Single by Metrô

from the album Olhar
- B-side: "Sândalo de Dândi"
- Released: 1984
- Recorded: 1984
- Genre: New wave, synth-pop, synth-rock
- Length: 3:46
- Label: Epic Records
- Songwriter(s): Alec Haiat, Vicente França, Yann Laouenan, Metrô ("Beat Acelerado") Tavinho Paes ("Sândalo de Dândi")
- Producer(s): Luiz Carlos Maluly

Metrô singles chronology
|  | "Beat Acelerado" (1984) | "Ti Ti Ti" (1985) |

= Beat Acelerado =

"Beat Acelerado" (Portuguese for "Fast Beat") is a single by Brazilian band Metrô, released in 1984 by Epic Records. The lead single for their debut studio album Olhar, which would come out in the following year, it was the band's first official release under the name "Metrô" (they were known as A Gota Suspensa from their foundation in 1978 until 1984) and their first of many releases under the Epic label. The song was a huge hit, and was responsible for catapulting the band into fame. A music video for it was made in the same year.

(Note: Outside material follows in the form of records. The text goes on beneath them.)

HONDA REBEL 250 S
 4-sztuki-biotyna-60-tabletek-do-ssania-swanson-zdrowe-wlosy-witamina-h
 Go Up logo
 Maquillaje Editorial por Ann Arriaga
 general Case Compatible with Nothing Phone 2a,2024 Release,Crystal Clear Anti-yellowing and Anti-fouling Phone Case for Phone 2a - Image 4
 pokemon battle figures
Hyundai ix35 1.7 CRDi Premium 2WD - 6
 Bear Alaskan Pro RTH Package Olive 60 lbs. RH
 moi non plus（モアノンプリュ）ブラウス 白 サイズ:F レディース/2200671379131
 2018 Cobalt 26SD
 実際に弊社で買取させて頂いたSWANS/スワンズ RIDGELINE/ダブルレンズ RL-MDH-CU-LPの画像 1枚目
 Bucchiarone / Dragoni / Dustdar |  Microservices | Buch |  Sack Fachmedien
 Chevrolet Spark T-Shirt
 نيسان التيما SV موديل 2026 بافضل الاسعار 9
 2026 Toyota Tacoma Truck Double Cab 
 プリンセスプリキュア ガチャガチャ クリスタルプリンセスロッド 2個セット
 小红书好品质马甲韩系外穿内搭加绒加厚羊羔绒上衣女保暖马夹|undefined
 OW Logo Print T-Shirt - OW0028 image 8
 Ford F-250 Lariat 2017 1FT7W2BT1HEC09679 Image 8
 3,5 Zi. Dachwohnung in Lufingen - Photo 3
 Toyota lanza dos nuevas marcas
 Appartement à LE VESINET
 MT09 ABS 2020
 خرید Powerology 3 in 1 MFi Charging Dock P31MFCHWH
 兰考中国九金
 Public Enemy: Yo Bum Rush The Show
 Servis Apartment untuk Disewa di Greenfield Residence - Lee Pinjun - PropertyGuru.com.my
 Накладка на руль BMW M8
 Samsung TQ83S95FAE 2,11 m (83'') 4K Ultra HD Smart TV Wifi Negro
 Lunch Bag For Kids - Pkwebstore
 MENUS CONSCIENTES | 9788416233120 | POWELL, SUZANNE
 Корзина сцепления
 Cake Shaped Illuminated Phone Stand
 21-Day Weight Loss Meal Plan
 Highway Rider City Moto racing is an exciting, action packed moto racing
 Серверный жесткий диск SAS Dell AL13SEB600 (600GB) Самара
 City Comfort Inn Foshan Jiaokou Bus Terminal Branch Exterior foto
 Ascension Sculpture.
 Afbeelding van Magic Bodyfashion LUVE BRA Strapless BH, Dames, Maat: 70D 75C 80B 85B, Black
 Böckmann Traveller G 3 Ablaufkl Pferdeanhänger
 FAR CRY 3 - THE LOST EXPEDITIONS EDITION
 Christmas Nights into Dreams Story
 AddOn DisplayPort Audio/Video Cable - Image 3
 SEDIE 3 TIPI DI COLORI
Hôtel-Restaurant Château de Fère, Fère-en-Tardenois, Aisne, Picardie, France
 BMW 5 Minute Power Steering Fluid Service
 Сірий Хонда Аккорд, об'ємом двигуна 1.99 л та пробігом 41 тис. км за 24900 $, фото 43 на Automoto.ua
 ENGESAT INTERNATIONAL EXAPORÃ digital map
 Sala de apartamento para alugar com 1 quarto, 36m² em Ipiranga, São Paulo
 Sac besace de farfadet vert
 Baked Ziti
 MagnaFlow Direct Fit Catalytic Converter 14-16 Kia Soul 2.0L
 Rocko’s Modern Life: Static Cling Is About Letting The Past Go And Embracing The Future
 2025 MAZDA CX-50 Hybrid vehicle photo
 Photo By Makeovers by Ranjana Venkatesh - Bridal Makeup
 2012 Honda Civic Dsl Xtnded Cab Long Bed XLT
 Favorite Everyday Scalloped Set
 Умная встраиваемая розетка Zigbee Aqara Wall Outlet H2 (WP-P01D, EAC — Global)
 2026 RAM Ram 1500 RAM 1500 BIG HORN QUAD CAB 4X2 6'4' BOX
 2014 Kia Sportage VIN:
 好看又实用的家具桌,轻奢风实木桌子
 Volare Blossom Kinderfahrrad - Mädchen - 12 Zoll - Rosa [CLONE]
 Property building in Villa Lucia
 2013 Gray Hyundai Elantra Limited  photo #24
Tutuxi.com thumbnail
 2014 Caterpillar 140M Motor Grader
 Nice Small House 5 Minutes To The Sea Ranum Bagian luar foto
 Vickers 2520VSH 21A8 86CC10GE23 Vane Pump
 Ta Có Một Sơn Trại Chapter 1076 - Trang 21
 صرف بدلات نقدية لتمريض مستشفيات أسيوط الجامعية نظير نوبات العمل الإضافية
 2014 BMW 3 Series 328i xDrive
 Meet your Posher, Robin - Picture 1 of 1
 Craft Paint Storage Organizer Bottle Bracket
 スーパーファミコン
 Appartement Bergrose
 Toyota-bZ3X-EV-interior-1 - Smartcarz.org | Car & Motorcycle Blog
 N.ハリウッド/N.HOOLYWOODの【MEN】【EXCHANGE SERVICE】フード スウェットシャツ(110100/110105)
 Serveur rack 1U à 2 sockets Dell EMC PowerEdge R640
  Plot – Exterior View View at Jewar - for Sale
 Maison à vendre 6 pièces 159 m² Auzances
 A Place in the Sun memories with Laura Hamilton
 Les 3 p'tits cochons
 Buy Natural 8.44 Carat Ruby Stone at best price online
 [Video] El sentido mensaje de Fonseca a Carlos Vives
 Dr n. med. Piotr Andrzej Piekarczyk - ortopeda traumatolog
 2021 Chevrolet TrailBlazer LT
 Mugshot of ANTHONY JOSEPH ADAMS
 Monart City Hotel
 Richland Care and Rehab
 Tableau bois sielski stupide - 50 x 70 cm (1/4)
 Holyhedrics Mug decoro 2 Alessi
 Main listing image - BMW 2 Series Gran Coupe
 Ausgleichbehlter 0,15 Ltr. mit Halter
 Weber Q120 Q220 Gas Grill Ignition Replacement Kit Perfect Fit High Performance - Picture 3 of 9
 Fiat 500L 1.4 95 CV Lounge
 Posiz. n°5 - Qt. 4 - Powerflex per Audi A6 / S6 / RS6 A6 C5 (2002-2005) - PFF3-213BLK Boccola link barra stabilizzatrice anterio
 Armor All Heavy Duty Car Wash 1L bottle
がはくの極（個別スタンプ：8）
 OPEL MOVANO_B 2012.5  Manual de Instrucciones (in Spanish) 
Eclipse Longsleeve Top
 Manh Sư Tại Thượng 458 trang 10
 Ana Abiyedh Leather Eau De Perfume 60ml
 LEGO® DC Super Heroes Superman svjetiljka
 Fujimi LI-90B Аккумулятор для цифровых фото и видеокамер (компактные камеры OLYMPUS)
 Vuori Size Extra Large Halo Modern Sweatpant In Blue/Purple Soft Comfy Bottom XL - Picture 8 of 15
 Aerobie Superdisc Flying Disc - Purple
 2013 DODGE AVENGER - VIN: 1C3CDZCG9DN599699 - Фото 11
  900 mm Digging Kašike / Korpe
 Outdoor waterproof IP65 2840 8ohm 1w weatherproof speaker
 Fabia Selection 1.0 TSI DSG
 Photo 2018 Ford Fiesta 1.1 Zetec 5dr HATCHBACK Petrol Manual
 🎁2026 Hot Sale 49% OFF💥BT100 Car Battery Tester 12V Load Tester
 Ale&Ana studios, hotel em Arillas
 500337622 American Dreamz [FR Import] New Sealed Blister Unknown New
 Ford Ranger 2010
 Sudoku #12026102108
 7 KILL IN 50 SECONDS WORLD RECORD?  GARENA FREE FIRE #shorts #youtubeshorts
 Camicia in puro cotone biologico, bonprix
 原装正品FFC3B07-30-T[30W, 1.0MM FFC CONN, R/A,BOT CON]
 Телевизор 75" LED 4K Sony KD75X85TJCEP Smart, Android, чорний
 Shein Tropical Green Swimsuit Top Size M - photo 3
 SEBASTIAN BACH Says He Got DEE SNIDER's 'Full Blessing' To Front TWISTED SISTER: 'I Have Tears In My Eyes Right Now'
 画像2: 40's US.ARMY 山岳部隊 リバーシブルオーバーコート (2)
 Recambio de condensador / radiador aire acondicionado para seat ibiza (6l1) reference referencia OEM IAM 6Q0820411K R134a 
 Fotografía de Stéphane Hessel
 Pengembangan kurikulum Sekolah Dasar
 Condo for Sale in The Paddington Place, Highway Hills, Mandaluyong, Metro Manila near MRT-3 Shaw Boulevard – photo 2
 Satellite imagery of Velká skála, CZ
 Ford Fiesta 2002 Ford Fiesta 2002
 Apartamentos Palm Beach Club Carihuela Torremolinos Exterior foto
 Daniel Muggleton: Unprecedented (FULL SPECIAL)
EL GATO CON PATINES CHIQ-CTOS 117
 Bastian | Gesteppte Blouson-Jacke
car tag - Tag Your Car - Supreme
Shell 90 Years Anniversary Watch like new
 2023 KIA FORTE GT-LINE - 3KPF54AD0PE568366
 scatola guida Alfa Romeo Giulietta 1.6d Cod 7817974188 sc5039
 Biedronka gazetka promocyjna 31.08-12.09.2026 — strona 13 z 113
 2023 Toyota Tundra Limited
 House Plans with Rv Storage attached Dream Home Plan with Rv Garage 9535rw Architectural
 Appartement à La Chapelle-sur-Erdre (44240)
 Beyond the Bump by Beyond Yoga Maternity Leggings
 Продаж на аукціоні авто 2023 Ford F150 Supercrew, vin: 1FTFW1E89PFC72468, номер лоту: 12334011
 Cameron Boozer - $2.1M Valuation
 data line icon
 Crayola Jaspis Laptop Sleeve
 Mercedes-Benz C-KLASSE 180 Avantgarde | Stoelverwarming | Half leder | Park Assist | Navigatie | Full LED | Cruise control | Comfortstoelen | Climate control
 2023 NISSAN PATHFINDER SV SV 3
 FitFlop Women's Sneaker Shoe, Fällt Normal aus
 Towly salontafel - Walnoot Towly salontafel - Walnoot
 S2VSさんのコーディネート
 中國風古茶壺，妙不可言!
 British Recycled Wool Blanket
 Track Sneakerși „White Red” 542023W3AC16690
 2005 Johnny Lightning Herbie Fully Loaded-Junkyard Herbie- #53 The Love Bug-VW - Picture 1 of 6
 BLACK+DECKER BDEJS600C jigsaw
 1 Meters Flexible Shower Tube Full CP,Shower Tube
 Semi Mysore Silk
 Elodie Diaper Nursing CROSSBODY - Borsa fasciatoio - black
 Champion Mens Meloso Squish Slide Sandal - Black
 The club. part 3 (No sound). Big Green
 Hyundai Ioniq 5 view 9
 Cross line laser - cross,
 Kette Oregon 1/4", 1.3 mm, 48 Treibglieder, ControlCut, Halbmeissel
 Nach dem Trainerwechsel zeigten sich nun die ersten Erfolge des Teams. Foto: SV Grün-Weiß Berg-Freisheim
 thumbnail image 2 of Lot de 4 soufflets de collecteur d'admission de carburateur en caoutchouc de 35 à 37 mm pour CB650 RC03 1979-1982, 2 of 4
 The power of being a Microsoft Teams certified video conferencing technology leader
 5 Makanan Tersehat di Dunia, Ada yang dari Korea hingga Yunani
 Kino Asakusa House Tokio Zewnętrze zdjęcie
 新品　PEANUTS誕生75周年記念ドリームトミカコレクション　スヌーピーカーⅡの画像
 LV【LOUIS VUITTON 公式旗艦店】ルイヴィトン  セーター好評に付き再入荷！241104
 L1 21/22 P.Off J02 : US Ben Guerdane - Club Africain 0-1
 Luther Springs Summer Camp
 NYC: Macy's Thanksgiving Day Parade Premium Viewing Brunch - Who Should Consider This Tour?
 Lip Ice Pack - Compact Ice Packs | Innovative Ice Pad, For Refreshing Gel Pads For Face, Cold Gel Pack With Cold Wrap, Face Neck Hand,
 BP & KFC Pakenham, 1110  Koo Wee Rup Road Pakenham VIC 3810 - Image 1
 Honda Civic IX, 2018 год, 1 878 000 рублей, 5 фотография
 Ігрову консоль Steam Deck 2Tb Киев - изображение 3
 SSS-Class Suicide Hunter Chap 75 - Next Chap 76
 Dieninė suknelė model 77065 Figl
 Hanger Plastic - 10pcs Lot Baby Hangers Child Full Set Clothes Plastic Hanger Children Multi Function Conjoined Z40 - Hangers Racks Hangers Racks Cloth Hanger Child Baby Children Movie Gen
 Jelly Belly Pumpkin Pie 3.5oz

Metrô has made two re-recordings of the song during its lifespan: the first re-recording, subtitled "2nd Version", is a much shorter (only 1:11 minutes long) and slower edit of the song, and was included in Olhar. The second one was made for their 2002 album Déjà-Vu, and is a bossa nova-inflected version of the song. A remix of the song by DJ Zé Pedro was subsequently included on the 2016 re-release of Olhar as a bonus track.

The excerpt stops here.